Dr. Ferrara immediately took Erin to surgery. While he worked, anesthesiologist Gerry Peiser, DO, “pushed” 40 units of blood into Erin’s hemorrhaging body at the rate of almost one per minute. A unit normally takes an hour to transfuse; 40 units is almost three times an adult’s blood volume.

“Dr. Ferrara was amazing and deserves a lot of credit,” commented reconstructive hand surgeon Lloyd Champagne, MD, “but the champion is the anesthesiologist.

“If you’ve never seen a trauma team in action, you cannot imagine the superhuman balancing act for an anesthesiologist to keep patients alive while putting them to sleep, all while performing heavy-duty physical labor keeping the blood supply replaced with nonstop transfusions and while tracking her electrolytes and other body chemistry every 20 minutes. Dr. Peiser did a masterful job.”

Dr. Peiser is a little more self-deprecating. He simply credited his success to his ability to move quickly under pressure.

Reconstructive surgeon Pablo Prichard, MD, did a brief surgery to prevent Erin’s mouth bacteria from infecting her exposed jawbones. “I would have preferred to do more at that time,” Dr. Prichard said. “The earlier you can repair nerve damage, the better the outcome. But Erin just wasn’t strong enough.”

She went to Intensive Care for further transfusions and stabilization while doctors reviewed X-rays and CT scans of her head, neck, chest, abdomen and pelvis.


 

Maricopa County Sheriff Sgt. Wayne Lupinski was one of a team of professionals who helped save Erin’s life.

At first, her skull injuries, a small fracture and a scalp laceration, seemed to be the least of her problems, said neurosurgeon Paul LaPrade, MD. “It only took about 45 minutes to fix them.”

After surgery Erin woke and was responsive, but a few hours later went into a coma with “the largest epidural hematoma (bleeding between her skull and the tough outer lining of her brain) I’ve ever seen,” Dr. LaPrade said.

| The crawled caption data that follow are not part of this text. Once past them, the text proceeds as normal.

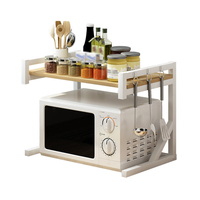 Support de four à micro-ondes à 2 niveaux support de boulangerie étagère de rangement de cuisine assaisonnement de burea
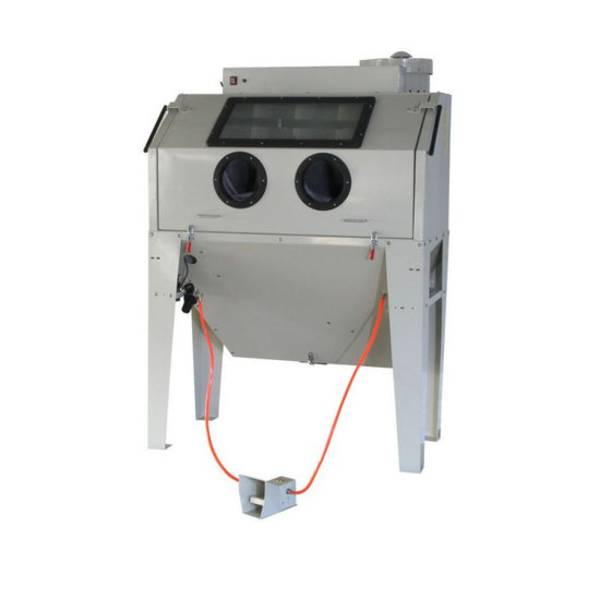 Profi Sandstrahlkabine 420L mit Absaugung, Fußpedal & Beleuchtung – 1160x580x570mm Arbeitsraum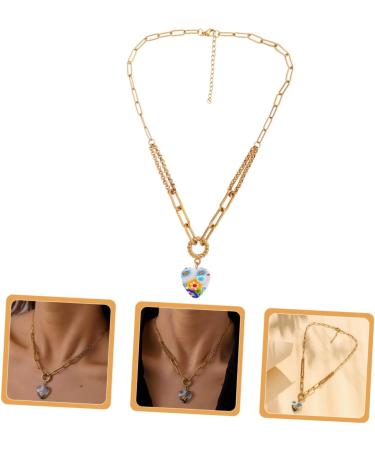 CALLARON Heart Necklace Christmas Sto The Necklaces Aesthetic Women Necklace Charm Miss Clothing - Buy Online on GoSupps.com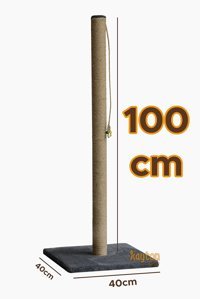 Kayton Oyuncaklı 100 cm Kedi Tırmalama Direği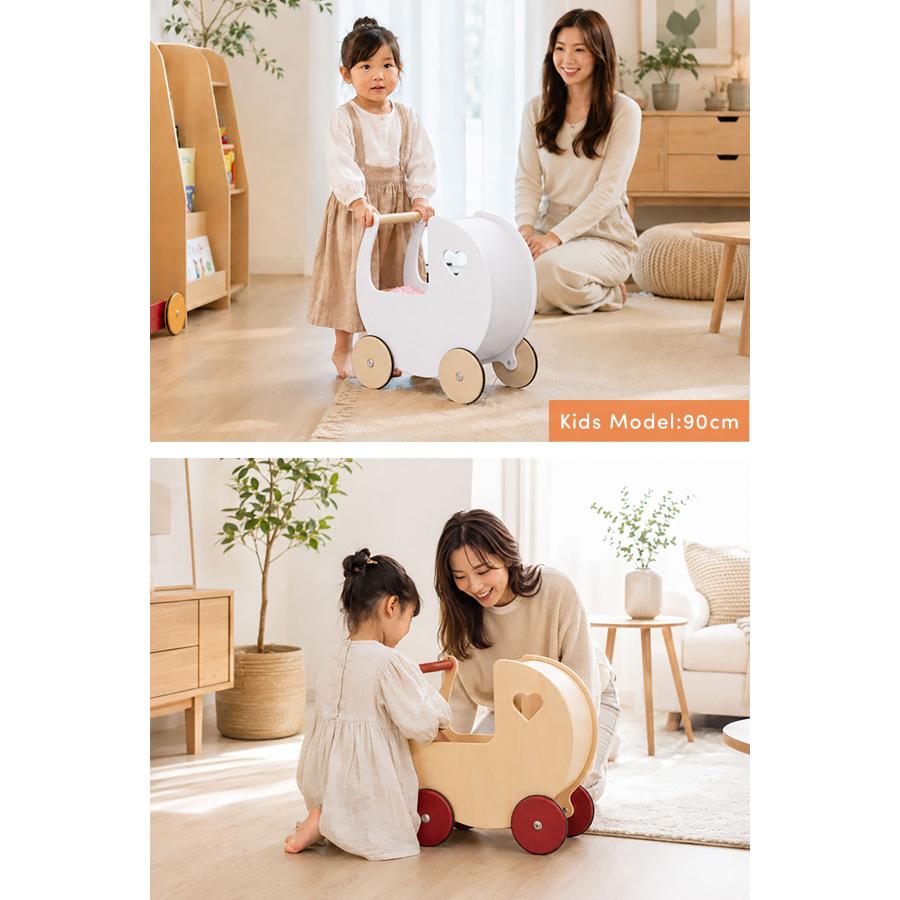 1年保証 Moover ムーバー ドールズプラム 乳母車 人形用ベビーカー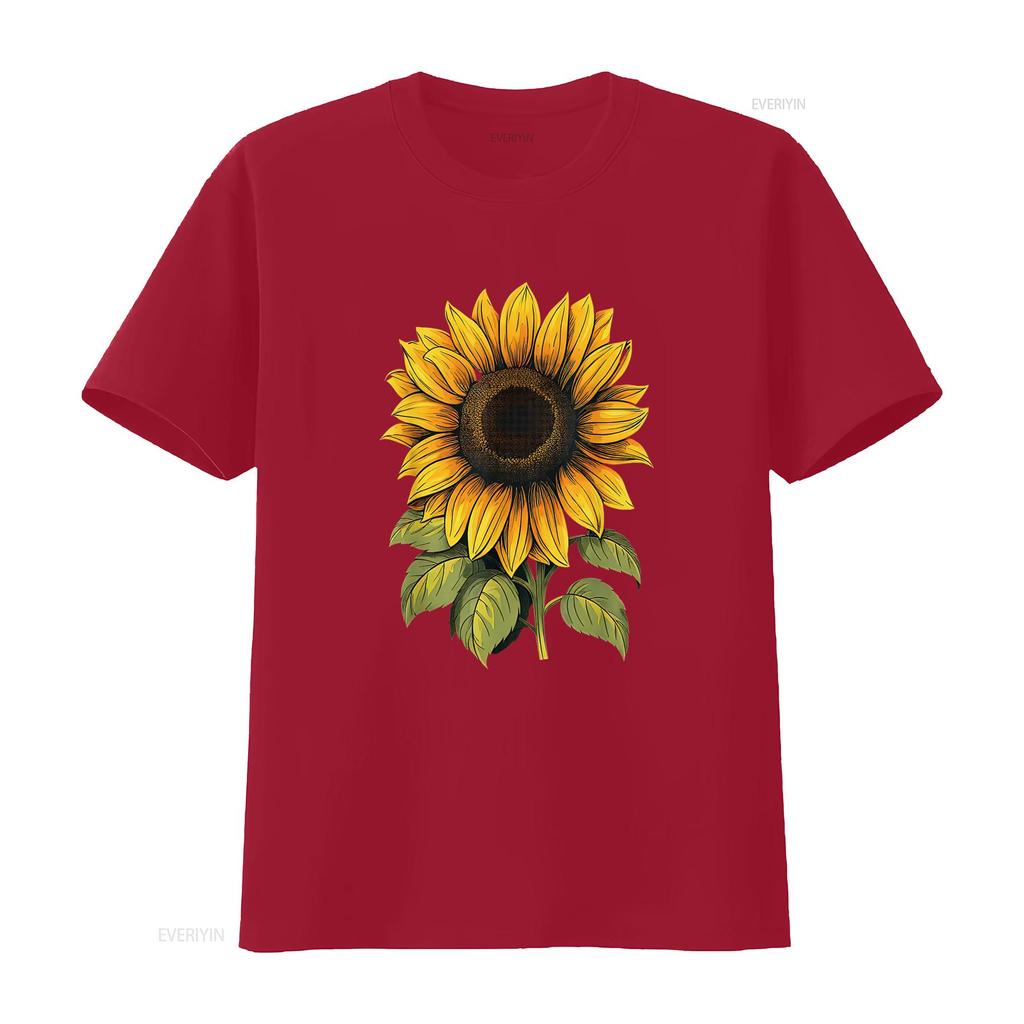 Sunflower Summer Cottagecore Aesthetic Girls Unisex Bold and Fashionable s T Shirt for vintage Washed Slightly homme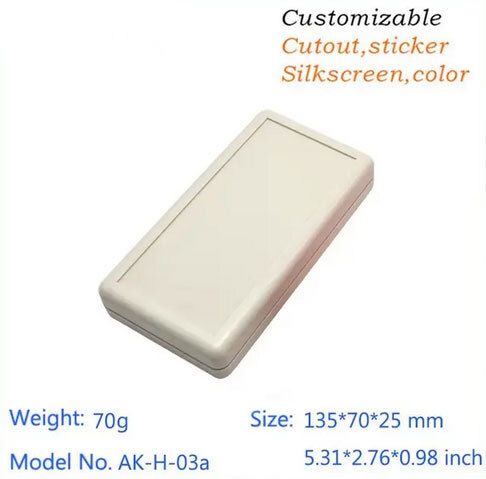 135 x 70 x 25mm 3xAA battery holder standard plastic enclosure project box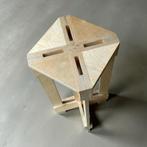 4 Design Barkrukken/Bijzettafels - Uniek!, Huis en Inrichting, Stoelen, Charlotte Perriand style, Gebruikt, Overige kleuren, Huysmans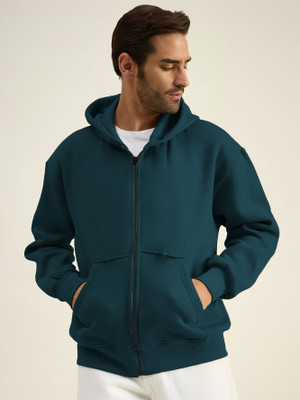 Parona Full Sleeve Solid Men Sweatshirt
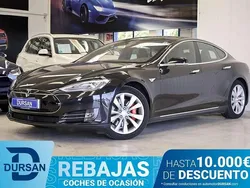 Negro Usado 2016 Tesla Model S Berlina | 32.490 € (Precio justo)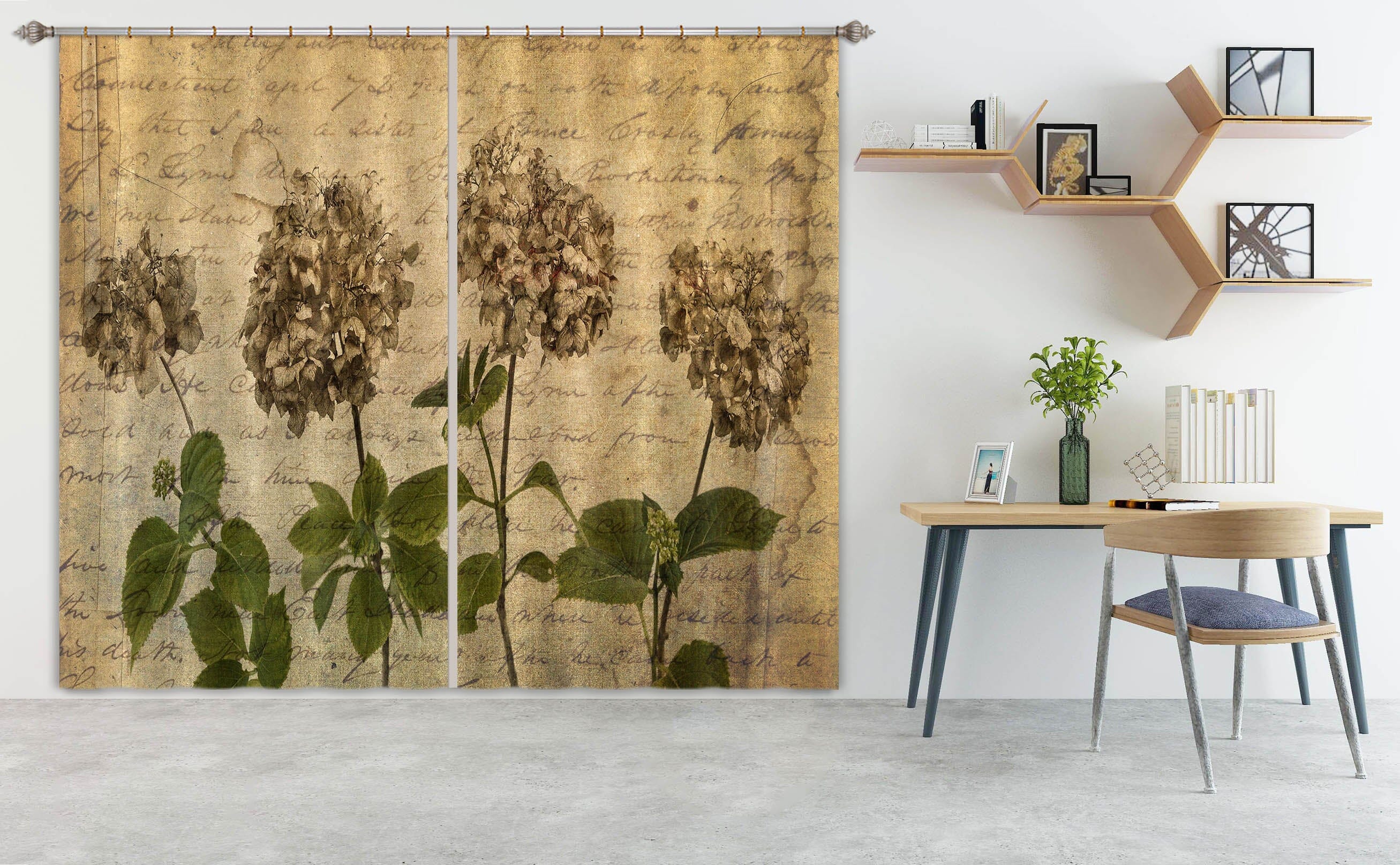 3D Dusk Flower 225 Assaf Frank Curtain Curtains Drapes Curtains AJ Creativity Home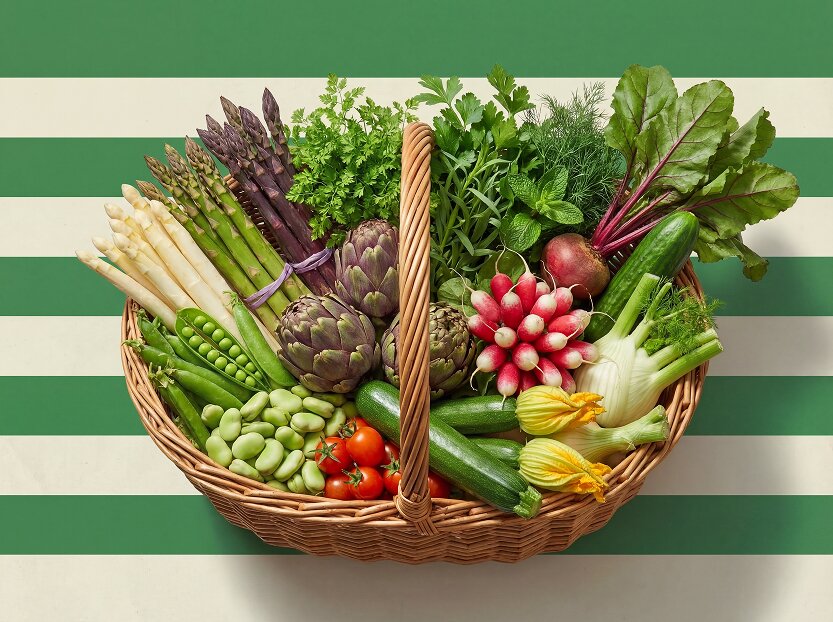 légumes à consommer en mai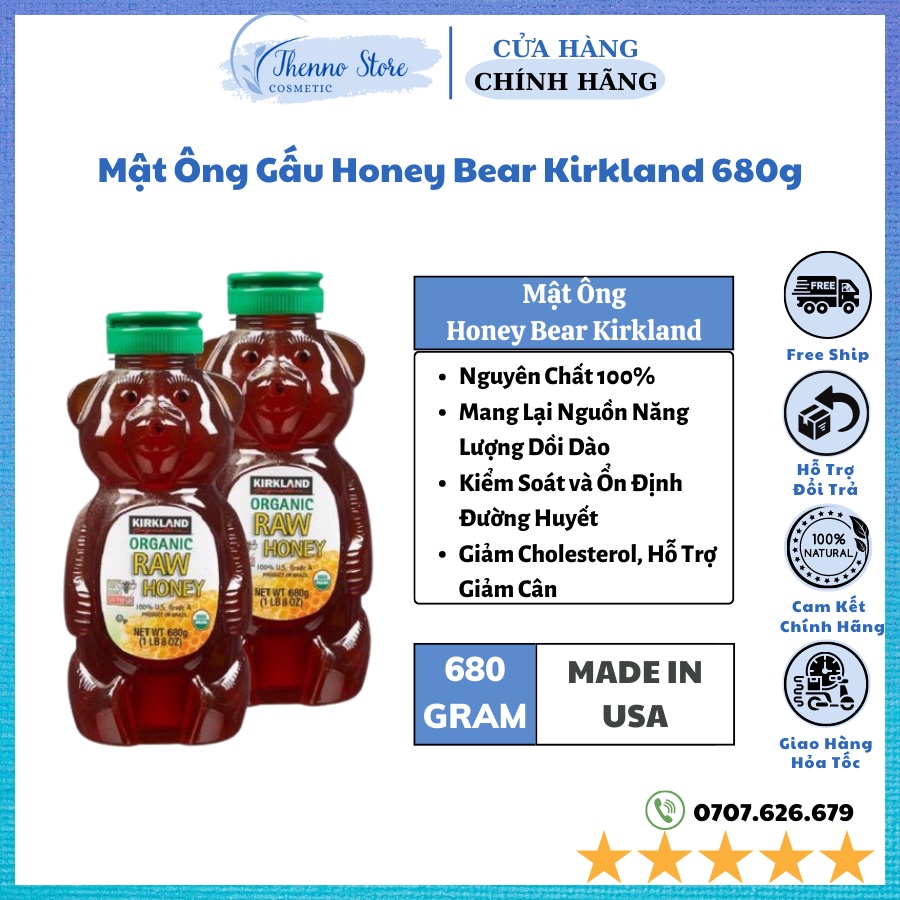 Mật Ông Gấu Honey Bear Kirkland 680g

Worse, it was squeezing her brain stem, which controls breathing. “The brain stem does not like to be depressed,” Dr. LaPrade said. “Permanent damage can happen very quickly.”

Erin was rushed back to surgery, where Dr. LaPrade evacuated the hematoma. But another CT scan showed recurrent and residual brain bleeding, so Erin went for a third neurosurgery.

“We finally stopped the bleeding,” Dr. LaPrade said. “But I thought if she lived, she’d be in a vegetative state. I felt so depressed.”

Yet in the morning, Erin was awake, following commands. “I was surprised, amazed, thrilled,” he said, “so happy for her family. Erin is the only patient I’ve had with her level of brain injury whose recovery is so complete. It’s a miracle.”

It was five days before Erin was strong enough for Dr. Prichard to put her delicate and beautiful face back together.

This is tricky business – each side of the face is controlled by a network of five microscopic major nerves that branch and sub-branch up and outward from the jaw.

In addition, the bony structure of the right side of Erin’s face was “much worse than a gunshot,” observed Dr. Prichard. “I had to rebuild her eye socket, her cheekbone and her jaw, all of which were in multiple pieces.”

Then it was time for the hand surgeon. “The human hand is amazing,” Dr. Champagne mused. “It can be expressive, a conductor guiding an orchestra; powerful, a workman tossing a 100- pound sack of cement; delicate, performing microsurgery; or emotional, petting a dog. Its anatomy and neurophysiology is so complex; it is irreplaceable. ”

Dr. Champagne used all his skills, “but don’t call me a hero,” he said. “The real hero is Erin. She’s that one patient in a thousand who works so hard, goes above and beyond with rehab and therapy, she makes all her surgeons look good.”

Erin has had several more operations to maximize her recovery and spent time pondering her future.

“She worked as a hospital volunteer when she was a teen,” said Erin’s mom, Carol McCormick. “She liked helping people, and now she’s planning on nursing instead of law school.”

“I am so grateful to all the amazing people who helped me,” Erin said. “I can never adequately express how much I appreciate everything that was done for me.”